California’s request for a waiver from the mandates of the No Child Left Behind Act will be denied, according to this story in the San Jose Mercury News. Apparently, the state learned of this in a phone call from department officials the Friday before the Christmas holiday, but the official word hasn’t gone out yet.
The denial of the waiver request is a really big deal. It means the most populous state in the country, with the biggest congressional delegation, will be stuck with the outdated, much maligned No Child Left Behind as it is for the forseeable future. And next school year is the 2013-14 school year, when all students were supposed to be at the proficiency level on state tests—so there will be many, many schools in the Golden State that will not meet their NCLB goals.

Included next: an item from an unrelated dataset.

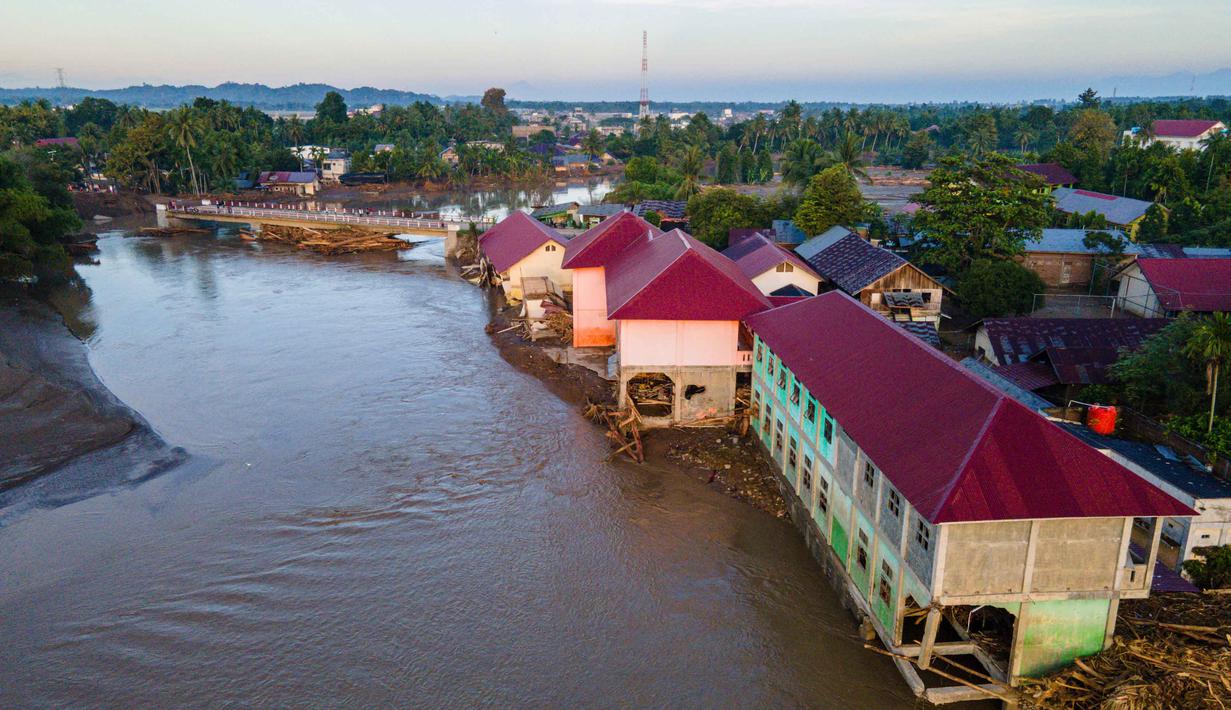 Kebutuhan logistik dan layanan kesehatan masih sangat dibutuhkan menyusul meningkatnya jumlah warga terdampak. Tampak foto udara menunjukkan kerusakan akibat banjir di sebuah sekolah di Meureudu, Kabupaten Pidie Jaya, Provinsi Aceh, pada 30 November 2025. (CHAIDEER MAHYUDDIN/AFP)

So why was California denied when more than 30 states plus the District of Columbia have been approved—and others have gotten a temporary reprieve while they work on their waiver applications? California’s waiver request was different from almost everyone else’s. The state tried to go its own way, essentially agreeing at least in part to two of the department’s three principles—common standards and a differentiated accountability system with goals, while ignoring the third: a teacher evaluation system that takes student outcomes into account. Another large state—Texas—also went its own way.
Could California’s denial put added pressure on the department to allow districts, like say, Los Angeles Unified, to apply for their own waivers? The department floated that idea earlier this year—and it met with some major pushback from state chiefs.